How to run the backend module of LLVM independently?

I want to perform the following:

  1. Grab a simple program’s LLVM IR (from Compiler Explorer)
  2. Save it to an .ll file on disk
  3. Use some LLVM tool to ONLY perform codegen for RISCV
  4. Run the executable code on a RISCV simulator

Kindly help me understand how to independently run just the codegen module to generate target binaries from LLVM IR?

For example, for this simple C/C++ program:

#include <iostream>

int main(void)
{
    int a = 10;
    int b = 21;
    int c = a + b;
    printf("\nThe result is %d\n", c);
    return 0;
}

The LLVM IR emitted will be as follows:


%"class.std::ios_base::Init" = type { i8 }

@std::__ioinit = internal global %"class.std::ios_base::Init" zeroinitializer, align 1, !dbg !0
@__dso_handle = external hidden global i8
@.str = private unnamed_addr constant [19 x i8] c"\0AThe result is %d\0A\00", align 1, !dbg !7
@llvm.global_ctors = appending global [1 x { i32, ptr, ptr }] [{ i32, ptr, ptr } { i32 65535, ptr @_GLOBAL__sub_I_example.cpp, ptr null }]

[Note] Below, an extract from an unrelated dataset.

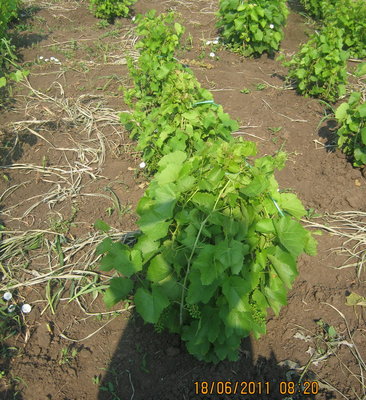 legatura 1.jpg (301.21 KiB) Osservato 2902 volte legatura 1.jpg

; Function Attrs: noinline uwtable
define internal void @__cxx_global_var_init() #0 section ".text.startup" !dbg !864 {
  call void @std::ios_base::Init::Init()(ptr noundef nonnull align 1 dereferenceable(1) @std::__ioinit), !dbg !866
  %1 = call i32 @__cxa_atexit(ptr @std::ios_base::Init::~Init(), ptr @std::__ioinit, ptr @__dso_handle) #3, !dbg !868
  ret void, !dbg !866
}

declare void @std::ios_base::Init::Init()(ptr noundef nonnull align 1 dereferenceable(1)) unnamed_addr #1

; Function Attrs: nounwind
declare void @std::ios_base::Init::~Init()(ptr noundef nonnull align 1 dereferenceable(1)) unnamed_addr #2

; Function Attrs: nounwind
declare i32 @__cxa_atexit(ptr, ptr, ptr) #3

; Function Attrs: mustprogress noinline norecurse optnone uwtable
define dso_local noundef i32 @main() #4 !dbg !869 {
  %1 = alloca i32, align 4
  %2 = alloca i32, align 4
  %3 = alloca i32, align 4
  %4 = alloca i32, align 4
  store i32 0, ptr %1, align 4
  call void @llvm.dbg.declare(metadata ptr %2, metadata !870, metadata !DIExpression()), !dbg !871
  store i32 10, ptr %2, align 4, !dbg !871
  call void @llvm.dbg.declare(metadata ptr %3, metadata !872, metadata !DIExpression()), !dbg !873
  store i32 21, ptr %3, align 4, !dbg !873
  call void @llvm.dbg.declare(metadata ptr %4, metadata !874, metadata !DIExpression()), !dbg !875
  %5 = load i32, ptr %2, align 4, !dbg !876
  %6 = load i32, ptr %3, align 4, !dbg !877
  %7 = add nsw i32 %5, %6, !dbg !878
  store i32 %7, ptr %4, align 4, !dbg !875
  %8 = load i32, ptr %4, align 4, !dbg !879
  %9 = call i32 (ptr, ...) @printf(ptr noundef @.str, i32 noundef %8), !dbg !880
  ret i32 0, !dbg !881
}

; Function Attrs: nocallback nofree nosync nounwind speculatable willreturn memory(none)
declare void @llvm.dbg.declare(metadata, metadata, metadata) #5

declare i32 @printf(ptr noundef, ...) #1

; Function Attrs: noinline uwtable
define internal void @_GLOBAL__sub_I_example.cpp() #0 section ".text.startup" !dbg !882 {
  call void @__cxx_global_var_init(), !dbg !884
  ret void
}

attributes #0 = { noinline uwtable "frame-pointer"="all" "min-legal-vector-width"="0" "no-trapping-math"="true" "stack-protector-buffer-size"="8" "target-cpu"="x86-64" "target-features"="+cx8,+fxsr,+mmx,+sse,+sse2,+x87" "tune-cpu"="generic" }
attributes #1 = { "frame-pointer"="all" "no-trapping-math"="true" "stack-protector-buffer-size"="8" "target-cpu"="x86-64" "target-features"="+cx8,+fxsr,+mmx,+sse,+sse2,+x87" "tune-cpu"="generic" }
attributes #2 = { nounwind "frame-pointer"="all" "no-trapping-math"="true" "stack-protector-buffer-size"="8" "target-cpu"="x86-64" "target-features"="+cx8,+fxsr,+mmx,+sse,+sse2,+x87" "tune-cpu"="generic" }
attributes #3 = { nounwind }
attributes #4 = { mustprogress noinline norecurse optnone uwtable "frame-pointer"="all" "min-legal-vector-width"="0" "no-trapping-math"="true" "stack-protector-buffer-size"="8" "target-cpu"="x86-64" "target-features"="+cx8,+fxsr,+mmx,+sse,+sse2,+x87" "tune-cpu"="generic" }
attributes #5 = { nocallback nofree nosync nounwind speculatable willreturn memory(none) }

What you are looking for is llc llc - LLVM static compiler — LLVM 17.0.0git documentation.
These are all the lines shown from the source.